Швы - Страница 5

Изменить размер шрифта:

X. Д-р Шротт

Когда люди покидают человека, на место их приходят (очень просто) не-люди. Я хочу сказать: когда человек выключен из фактов, он включается в фантазмы. Я говорил уже о Пурвапакшине. Иногда мне мало было одного вымысла, и я придумал себе в собеседники и спутники доктора Шротта. Доктор Шротт где-то и когда-то жил, но я не знал его. Впервые я услыхал о нем от одного чудака, которого избыток здоровья постоянно заставлял от чего-нибудь лечиться. Однажды он рассказал мне о докторе Шротте, придумавшем панацею: лечение голодом. Тогда мне это было ни к чему, но после того как обстоятельства мои круто изменились и я перешел на гривенничный режим, доктор Шротт, забытый где-то у дна памяти, как надувная подушка, сложенная вшестеро и запрятанная на дно рюкзака, был отыскан, развернут и увеличен в объеме, в реализованности, так сказать, до отказа. После этого оставалось завинтить под вдувом винтик и пользоваться услугами фантазма. Впрочем, с реализацией доктора Шротта не приходилось слишком возиться: фанатик неедения (по формулам которого нужно в первую неделю лечения быть без пищи два дня, во вторую - четыре, в третью - шесть; затем по нисходящей четыре, два и опять четыре, шесть и т. д.) - и не пристала чрезмерная реальность и телесность. После двух-трех попыток моей фантазии я наконец ощутил его и позволил ему быть: доктор Шротт несколько выше среднего роста, с седеющими нитями на голове, зачесанными на шишковатое голое темя. За стеклами оправленных в металл очков - два крепко ввинченных недвигающихся глаза. Желтые впадины щек корректно выбриты и втиснуты в тугой крахмал воротника; мерно дышащие ребра обтянуты черным, наглухо застегнутым рединготом; тонкие, будто проволочные, ноги туго зашнурованы в штиблеты с двойной подошвой; в длиннопалых руках Шротта неизменная темного дерева трость. Сначала мы с ним встречались чаще во сне; потом наши свиданья были перенесены и за пределы снов. При встрече, где бы и когда бы это ни было, достопочтенный д-р Шротт трогает костяшками пальцев мою ладонь и внимательно осматривает меня с головы до пят:

- Виски еще втянуло, ага. Очень хорошо. Утончение шеи - прекрасно. Говорите, перебои сердца? Угу. Так. Пульс? 56. Вот-вот. Мы на пути к выздоровлению. Имею честь.

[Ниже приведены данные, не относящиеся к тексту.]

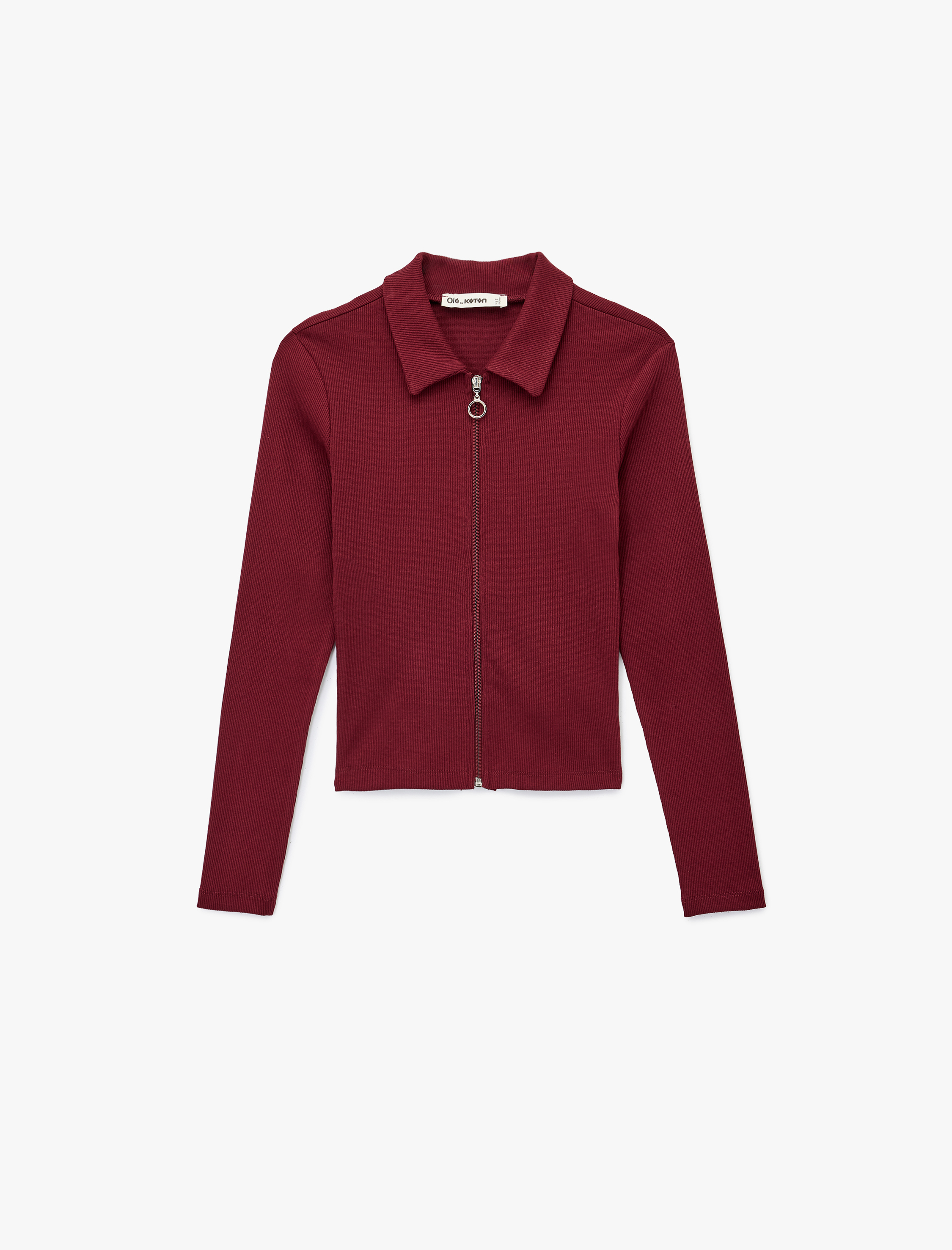   Fermuarlı Slim Fit Gömlek Yaka Kaşkorse Uzun Kollu Tişört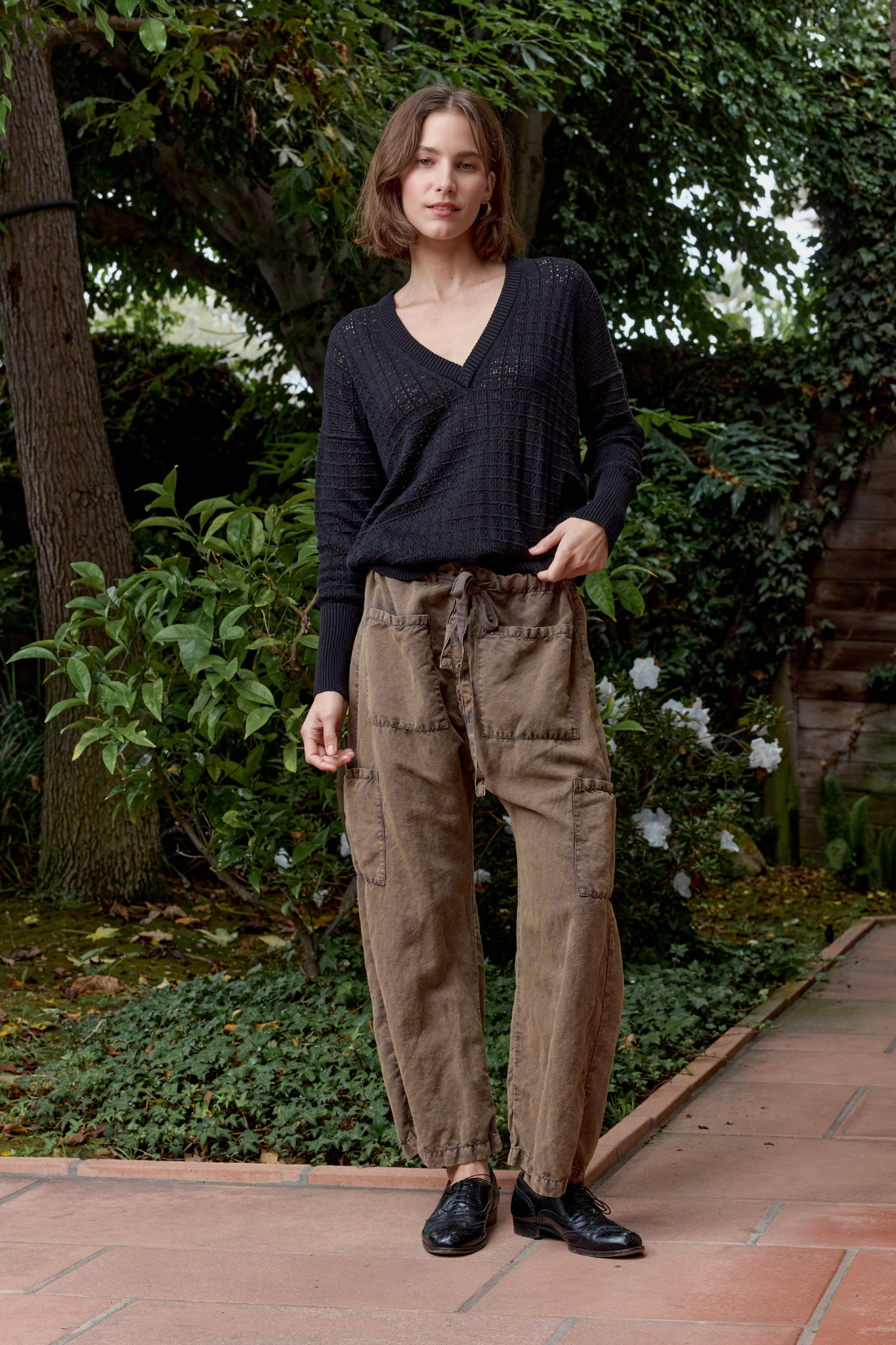 Carlson Linen Cotton Tie Pant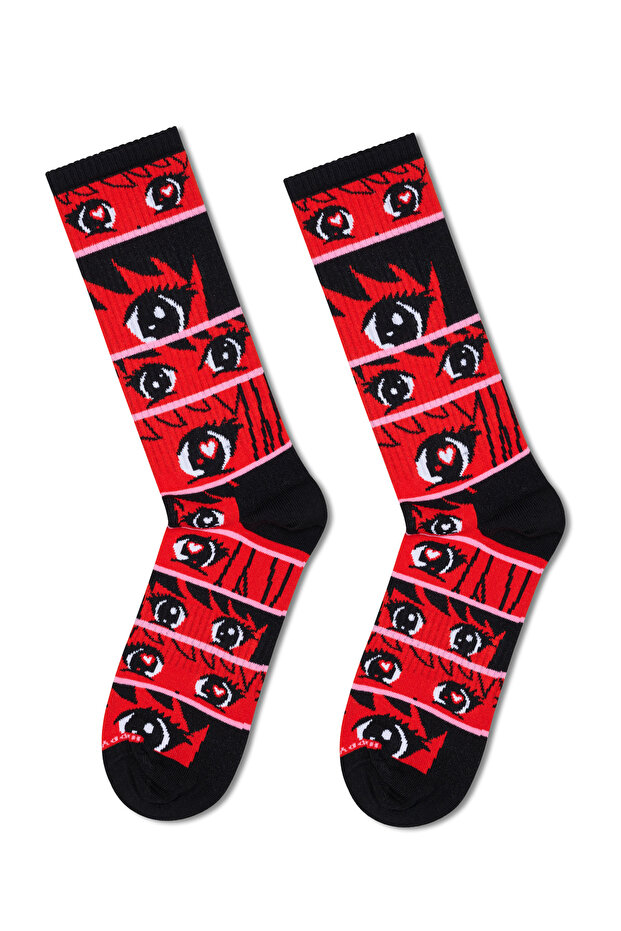 جوارب Happy Socks للرجال من القطن باللون الأحمر P003107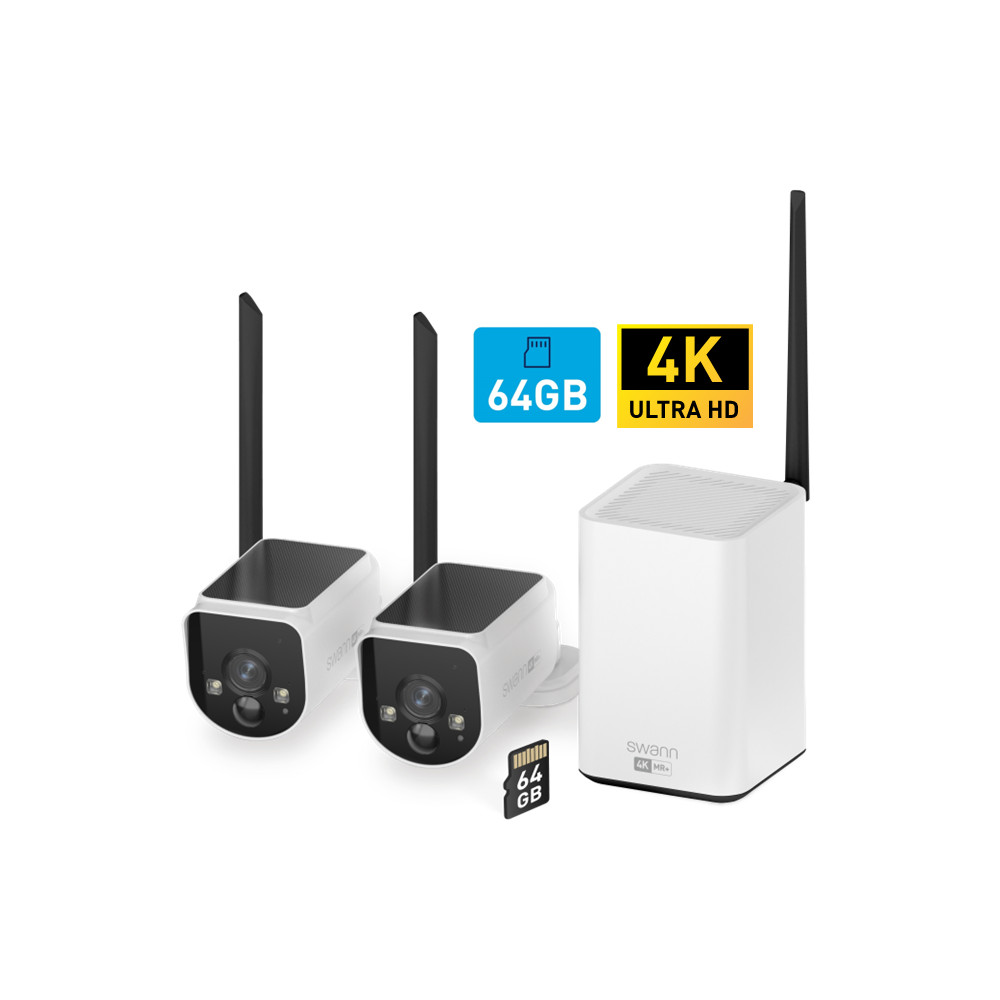 Produktbild för Swann MaxRanger4K™ 2-Pack Trådlös Kamera Övervakningssystem inkl 64GB SD Card Hub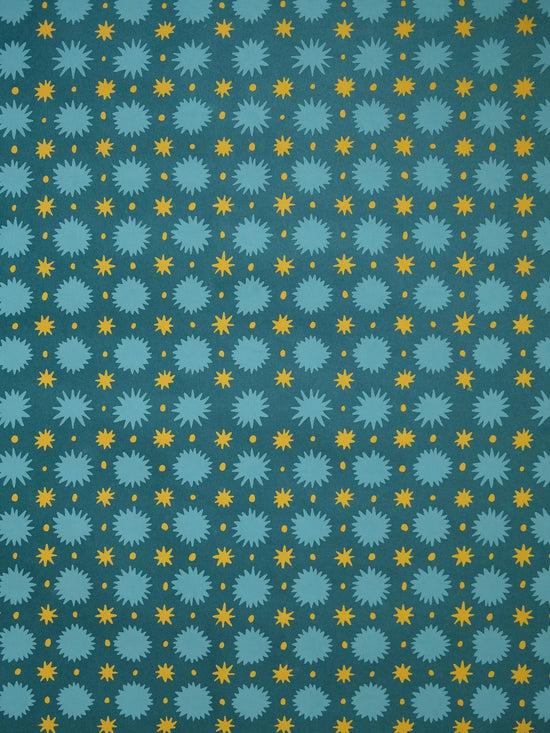 Teal Stars Gift Wrap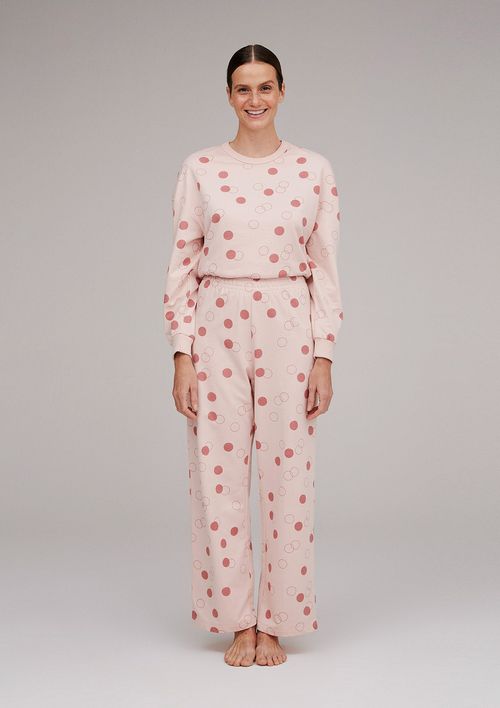 Pijama Longo Estampado Feminino Em Moletinho - Rosa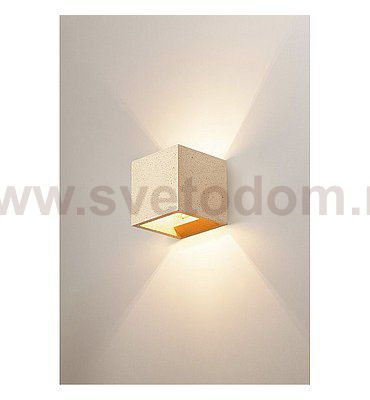 1000912 SLV SOLID CUBE светильник настенный для лампы QT14 G9 25Вт макс., желтый песчанник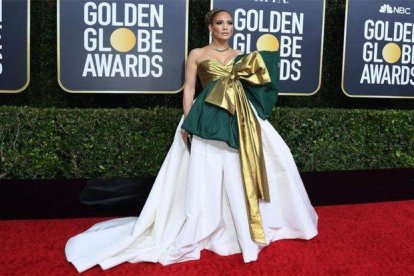 Jennifer López en los premios Globos de Oro.-AFP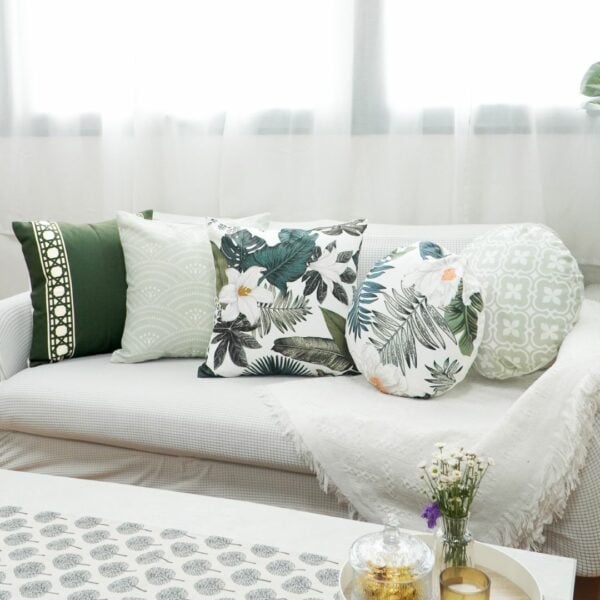 Lush & Olive Removable Sofa Cushion Cover Flower Pattern Sofa Cushions Pastel Green Sofa Cushion Round Sofa Cushion Washable Sofa Covers Style Degree Singapore Sg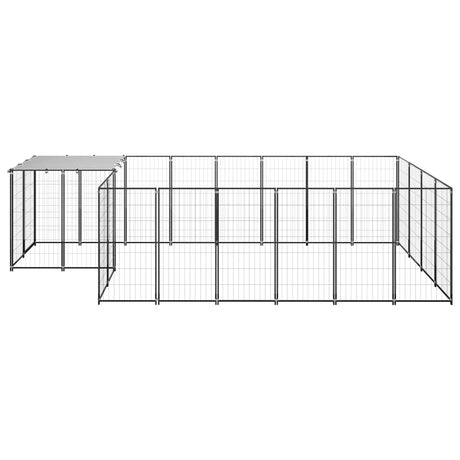 Hondenkennel 8,47 m² staal zwart - AllerleiShop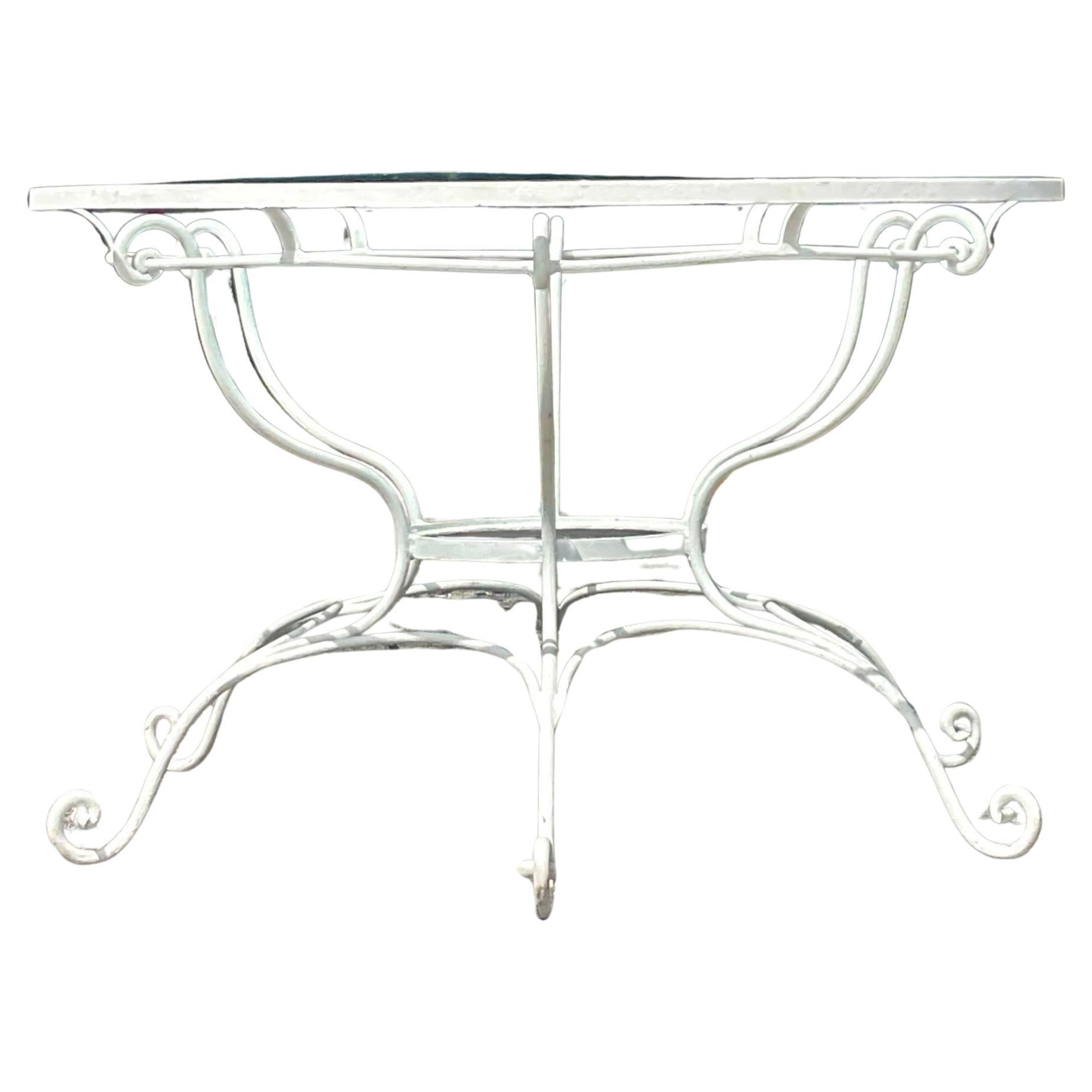 Vintage Coastal Wrought Iron Scroll Dining Table For Sale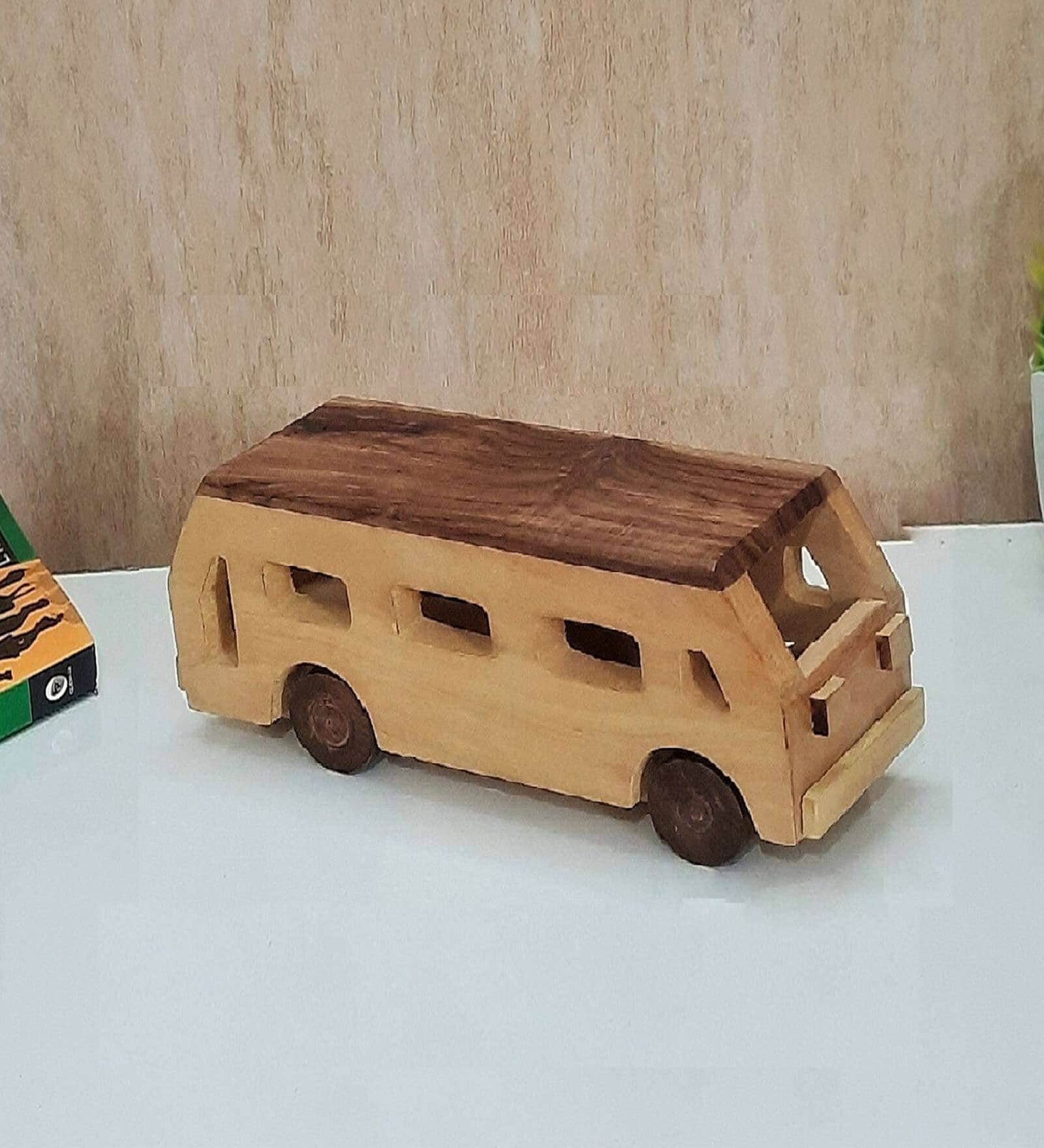 Bus Yellow Natural Wood Collectible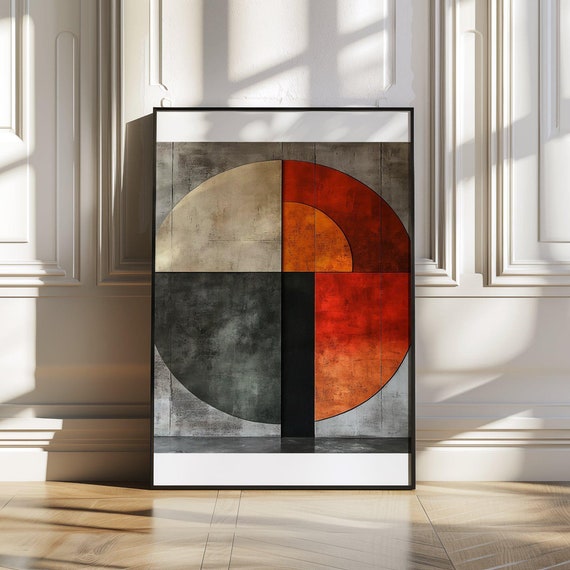 Modern Geometric Wall Art Abstract Circle Design Contemporary Home Dcor Large Print Minimalist Colour Block Artwork
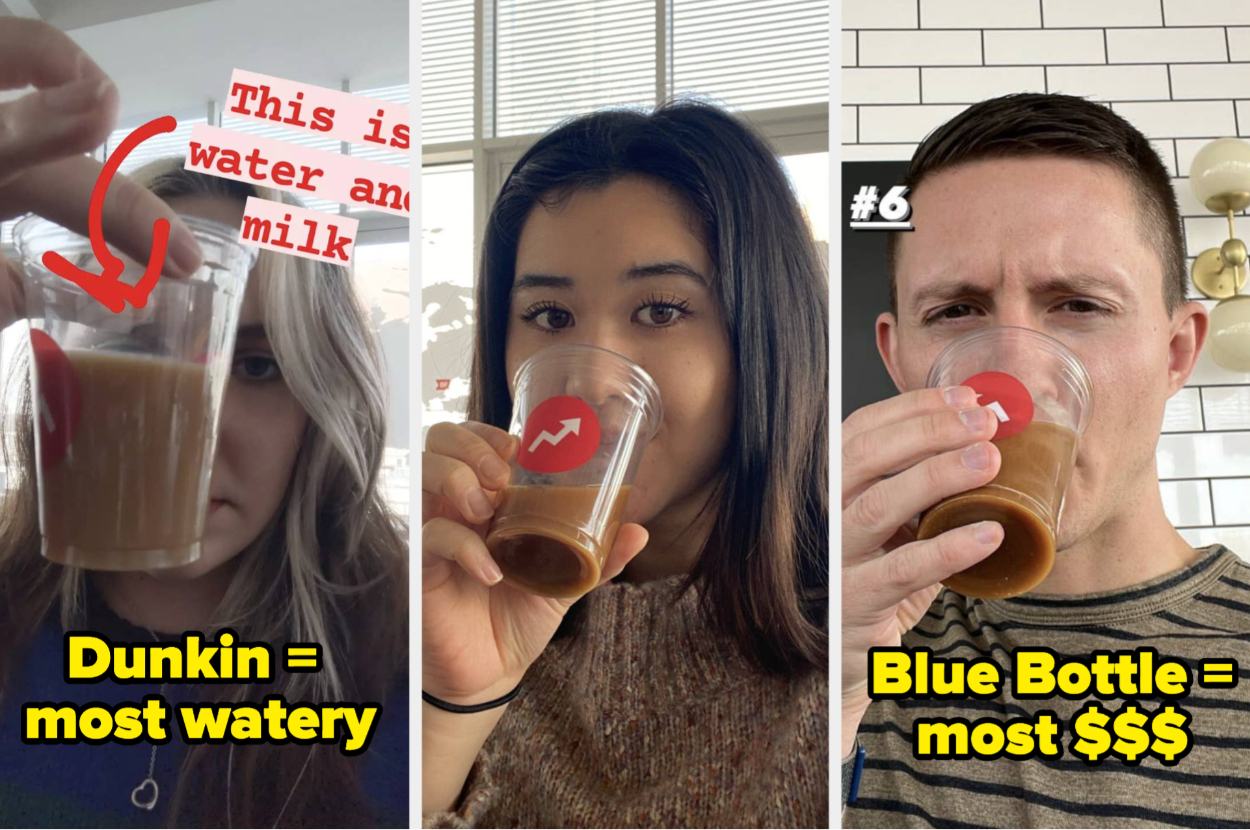 People taste testing coffee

И, приподняв высокий цилиндр, доктор Шротт поворачивает ко мне узкую черную спину и, мерно переставляя свои длинные проволочные ноги, удаляется: до новых встреч.

Я вспоминаю его, спутника долгой череды дней, потому что нам настало время расстаться. Прости, милый, назидательный Шротт: я сегодня отвинчу вентиль, удерживающий тебя в бытии. Я выпущу из тебя реальность, как выпускают воздух из дорожной надувной подушки, потому что, понимаешь ли, близко моя станция.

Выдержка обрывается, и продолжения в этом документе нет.